Tous tentent de vivre d’une agriculture différente, responsable et à petite échelle. «C’est un autre retour à la terre, mais pas de hippies rêveurs, de gens éduqués qui font des projets qui se tiennent et qui nourrissent les communautés», résume dans le film Maude-Hélène Desroches, des Jardins de la Grelinette.

Marc Séguin – agriculteur pour lui-même, militant pour les autres – leur a donné la parole pour essayer de voir comment l’État pourrait leur faire une plus grande place.

Est-ce que côtoyer ces gens dynamiques et novateurs, mais qui évoluent dans un système mal adapté à eux, vous a encouragé ou découragé quant à l’avenir de l’agriculture au Québec?
En fait, le film dresse un portrait [de ce qui se passe] en ce moment. Je pense qu’il y a urgence d’agir. Il y a un avenir possible, mais pour qu’il soit réellement possible, il y aura des décisions à prendre, des orientations à donner. J’ai fait le pari de montrer des belles personnes, qui font des beaux projets et qui ont des belles idées, en me disant que ça pourrait inspirer des gens ou à tout le moins informer la population. Peut-être qu’après ça on va se trouver encore plus stupide de ne pas prendre ce virage-là, sachant que ça existe.

«[Les consommateurs] veulent des prix compétitifs, des produits bio, des marchés de proximité. Orientons les subventions et les moyens vers ça.» –Marc Séguin, réalisateur de La ferme et son État

Un des constats qui ressort de votre film, c’est qu’il ne semble pas y avoir de place pour la petite agriculture au Québec, pour les artisans. Est-ce le cas?
Non, il n’y a pas de place. Ils ont une place parce qu’ils l’ont prise. Les gens qui ont de nouvelles idées trouvent la brèche dans le système, et ils s’implantent là. Ils imposent leur modèle et leurs idées en faisant des belles choses. Mais ils sont limités. Tant qu’ils font leur petit truc, c’est correct, on les laisse là, ça fait du bien, ça fait des émissions de télé ou des articles, ça calme les gens qui demandent plus de responsabilités et d’écologie. Mais la solution est beaucoup plus complexe que ça.

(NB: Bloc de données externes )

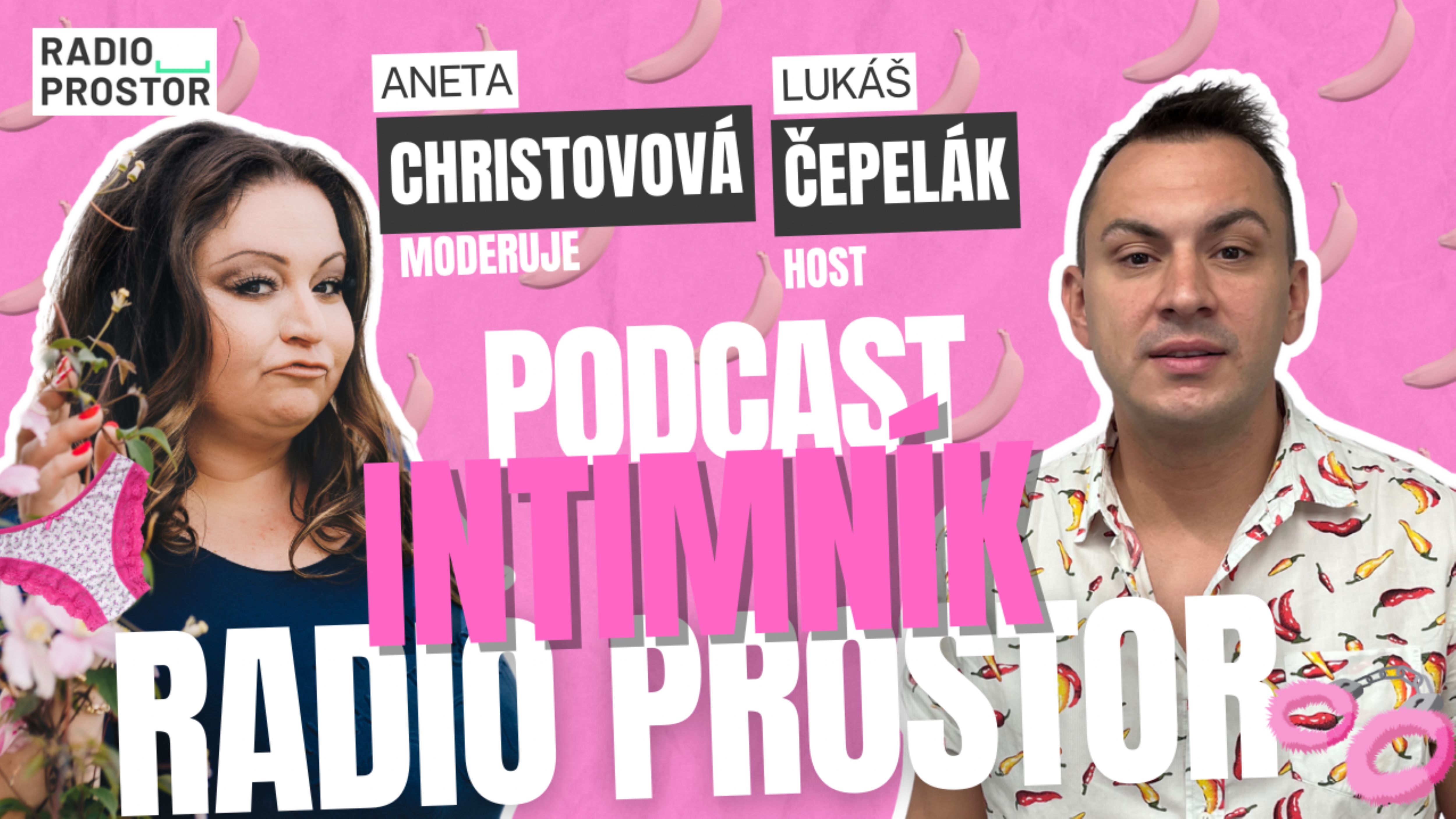 Všechno hrají chlapi a je to sranda. Techtle Mechtle předvádějí travesti show v divadle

Une intervenante dit qu’on a besoin d’un nouveau contrat social entre les agriculteurs et le politique. Est-ce que le gouvernement est le seul responsable de cet immobilisme dans le monde agricole?
C’est une grande question que tout le monde se pose encore. Est-ce que c’est parce qu’on est trop syndiqué? Parce que l’agriculture est contrôlée par des syndicats qui font d’immenses profits et qui ne veulent pas que les choses changent? Je crois que l’agriculture, comme n’importe quel domaine, évolue et change.

Les discussions ont déjà été faites [au cours de la Commission sur l’avenir de l’agriculture et de l’agroalimentaire québécois en 2008, notamment], et de gouvernement en gouvernement, on reporte ça. On a assez débattu, c’est le temps de prendre des décisions et de se doter enfin d’une politique agricole.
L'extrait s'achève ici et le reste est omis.